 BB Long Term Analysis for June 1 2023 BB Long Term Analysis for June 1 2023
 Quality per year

= = = =

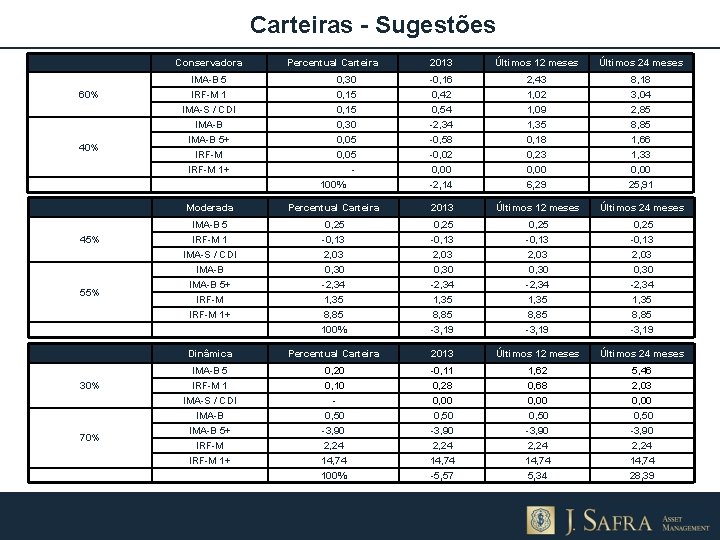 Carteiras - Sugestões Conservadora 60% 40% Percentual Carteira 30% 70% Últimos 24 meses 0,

= = = =

Required action → Beginning at the line above with "BB Long Term Analysis for June 1 2023 BB" and finishing at the line with "Quality per year", return each line exactly and return nothing else.

Solution to this exercise →
 BB Long Term Analysis for June 1 2023 BB Long Term Analysis for June 1 2023
 Quality per year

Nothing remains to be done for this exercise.